You have likely heard the terms “water-resistant” and “waterproof” bandied around in regards to wristwatches, but have you ever stopped to consider exactly what these terms mean? The terms are often used interchangeably despite not meaning the same thing at all. Simply put, a water-resistant luxury watches can withstand contact with for a certain amount of time or under certain conditions, while a “waterproof” watch should, in theory, be impenetrable by water.

But the truth is, no watch can guarantee perpetual waterproofness. Even the very finest diving watches on Planet Earth like the Rolex Sea-Dweller are susceptible to the aging process and extreme conditions. It would be unreasonable to assume that a product made of physical materials could not, in some way, be affected by its physical surroundings over time.
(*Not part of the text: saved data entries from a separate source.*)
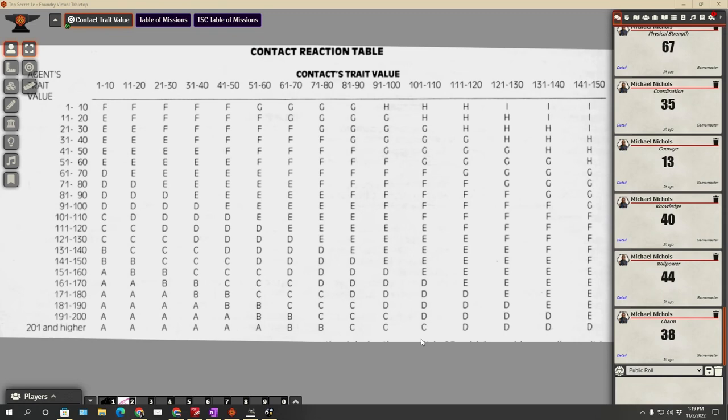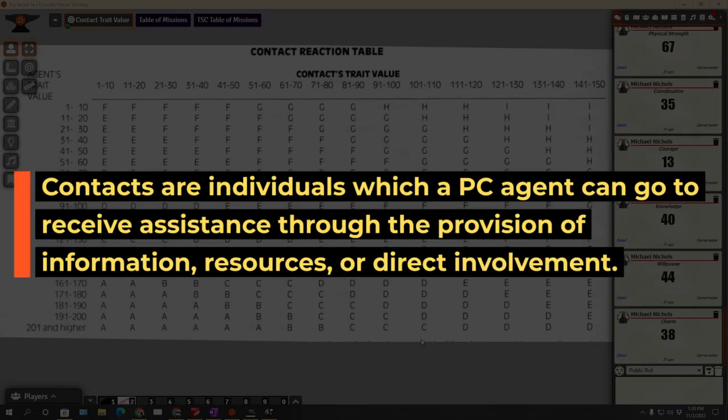Here we are in Foundry, and we're going to do contacts today. Contacts are handled in Top Secret 1e in an interesting way - some of the information is vague, which allows you leeway to use them however you see fit. They are individuals which a PC agent can go to in order to receive assistance through the provision of information, resources, or their direct involvement.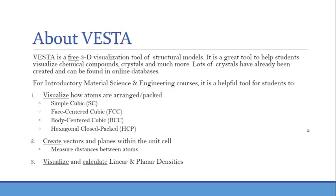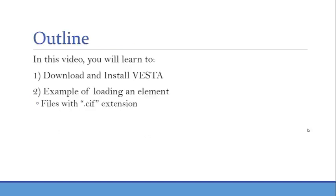Another great tool that VESTA provides is the ability to create vectors and planes within the unit cell. You can also measure between atoms and at different locations within the unit cell. I'd like to also use it as a tool for students to visualize and calculate linear and planar densities.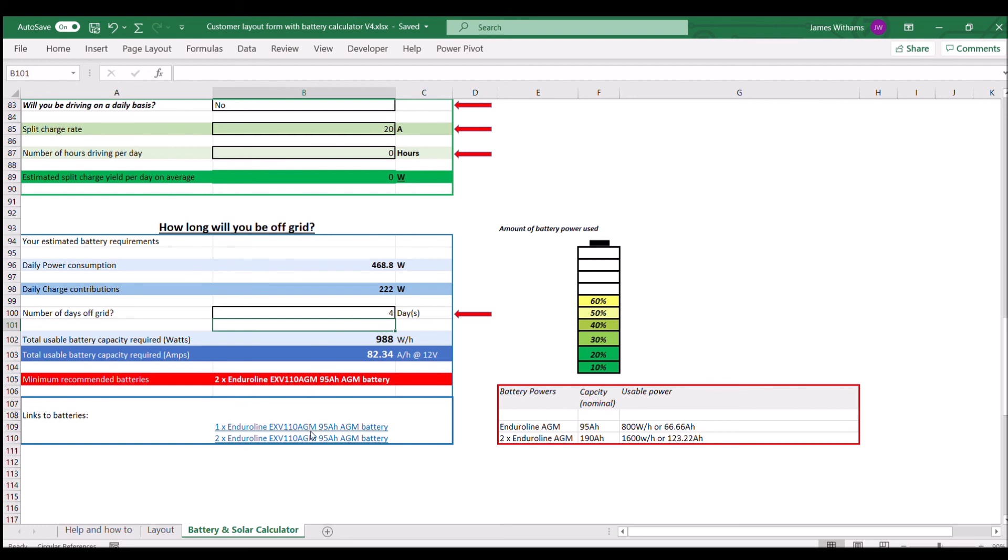Here's a link to some of the batteries. Ultimately, when you fill this out, save this page, email it back to us, and we'll make sure we look through, check on the batteries that you need, and we'll pop them on the quotation.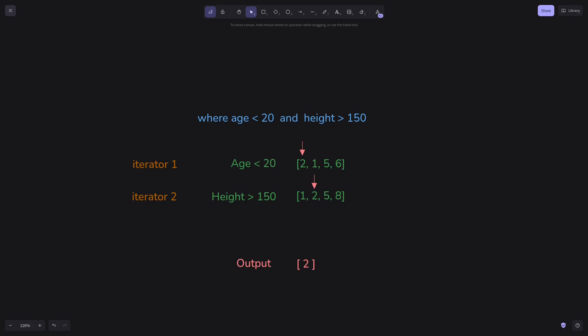So we begin by grabbing an item from first iterator, and compare it with items from next iterators. We see that the second item of second iterator matches our candidate, number 2, so we add this 2 to the output. We move on to check the next item in the first iterator, and the number is 1.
How to Tell the Difference between Waterproof Watches vs. Water Resistant Watches

Water-Resistant vs. “Waterproof”

One of the major causes of “waterproof” watches failing is the degradation of seals designed to ensure a gapless construction. Such seals, which are normally made from a type of rubber or plastic, can be weakened or eaten away in extreme heat or cold. One of the reasons it makes sense to have your watch serviced every few years to ensure that the seals are functioning as they should. All decent watchmakers will perform a dry pressure test on your watch before returning it to you, ensuring your peace of mind for at least another few years.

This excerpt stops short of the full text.